From the beginning, the documentary’s point is clear: Cohen isn’t particularly good at comedy. He’s actually pretty bad at it, with most of his jokes relying on stripping down to his underwear for cheap laughs. But, as Mandel repeatedly states throughout, Cohen has a relentlessly optimistic attitude and a drive to keep doing what he loves, and that alone is plenty admirable. I mean, sure, Cohen’s outlook on life is easy to admire, but Committed sure does a piss-poor job of effectively showing it.
If anything, Committed shows Cohen as someone who got lucky when he got the attention of a famous comic. The filmed segments, all of them feeling like they came from a failed attempt at making the same film years earlier, come across as mean-spirited, with Mandel making Cohen do things like audition for the role of a munchkin or a Rockettes dancer.
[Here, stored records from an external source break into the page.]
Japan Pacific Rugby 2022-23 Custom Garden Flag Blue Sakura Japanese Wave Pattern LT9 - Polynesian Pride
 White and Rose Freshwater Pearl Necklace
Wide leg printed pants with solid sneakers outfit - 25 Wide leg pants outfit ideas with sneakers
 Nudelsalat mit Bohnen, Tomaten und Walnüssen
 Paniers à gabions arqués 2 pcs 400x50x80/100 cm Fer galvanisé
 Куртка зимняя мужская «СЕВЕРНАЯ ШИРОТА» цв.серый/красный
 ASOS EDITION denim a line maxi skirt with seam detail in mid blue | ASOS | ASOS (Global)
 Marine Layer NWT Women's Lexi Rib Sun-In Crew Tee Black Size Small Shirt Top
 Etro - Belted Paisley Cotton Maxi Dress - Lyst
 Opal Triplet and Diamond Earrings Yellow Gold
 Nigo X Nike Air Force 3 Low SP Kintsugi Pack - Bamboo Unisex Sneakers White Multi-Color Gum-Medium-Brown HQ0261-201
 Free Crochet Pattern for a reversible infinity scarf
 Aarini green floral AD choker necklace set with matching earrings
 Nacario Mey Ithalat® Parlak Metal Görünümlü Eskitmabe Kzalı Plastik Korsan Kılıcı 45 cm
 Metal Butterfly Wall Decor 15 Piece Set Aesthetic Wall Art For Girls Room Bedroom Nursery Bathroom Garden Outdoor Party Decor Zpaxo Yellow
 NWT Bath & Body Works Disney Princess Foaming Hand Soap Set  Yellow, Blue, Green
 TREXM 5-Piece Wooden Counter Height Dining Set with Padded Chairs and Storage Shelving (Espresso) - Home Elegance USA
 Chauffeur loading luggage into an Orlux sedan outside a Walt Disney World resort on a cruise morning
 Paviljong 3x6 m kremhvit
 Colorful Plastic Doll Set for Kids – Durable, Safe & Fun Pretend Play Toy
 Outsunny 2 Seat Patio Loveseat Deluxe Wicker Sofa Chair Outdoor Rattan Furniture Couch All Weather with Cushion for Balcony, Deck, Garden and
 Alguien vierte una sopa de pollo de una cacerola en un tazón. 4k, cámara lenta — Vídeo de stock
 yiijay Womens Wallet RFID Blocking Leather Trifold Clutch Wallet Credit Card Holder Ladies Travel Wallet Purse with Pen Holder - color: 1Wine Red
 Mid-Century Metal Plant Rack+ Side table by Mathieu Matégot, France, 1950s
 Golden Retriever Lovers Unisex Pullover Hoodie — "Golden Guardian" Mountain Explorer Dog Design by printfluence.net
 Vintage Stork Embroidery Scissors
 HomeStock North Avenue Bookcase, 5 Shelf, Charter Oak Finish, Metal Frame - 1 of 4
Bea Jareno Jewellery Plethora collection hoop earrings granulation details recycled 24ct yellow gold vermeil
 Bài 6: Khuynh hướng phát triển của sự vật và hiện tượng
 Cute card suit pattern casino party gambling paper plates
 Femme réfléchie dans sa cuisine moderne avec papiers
There’s really nothing funny or inspiring about these clips. They’re just lame attempts to get some laughter out of watching Cohen make himself look like a fool.
There is one highlight early on when Mandel lets Cohen open for him at a live show, even though Cohen, who just declared his intention to do stand-up, doesn’t have any material written out yet. Cohen and Mandel wind up meeting Debbie Reynolds before the show, and she gives Cohen a silly suggestion for what to do on stage. Cohen actually takes her half-hearted advice, and takes it to such an extreme that his debut performance winds up alienating the crowd before eventually winning them over. Cohen’s “routine” (if one could call it that) is the only legitimately funny moment in all of Committed, and the only part that encapsulates everything the film is going for thematically. Unfortunately, Committed turns into something far more nasty, stale, and unfunny from there.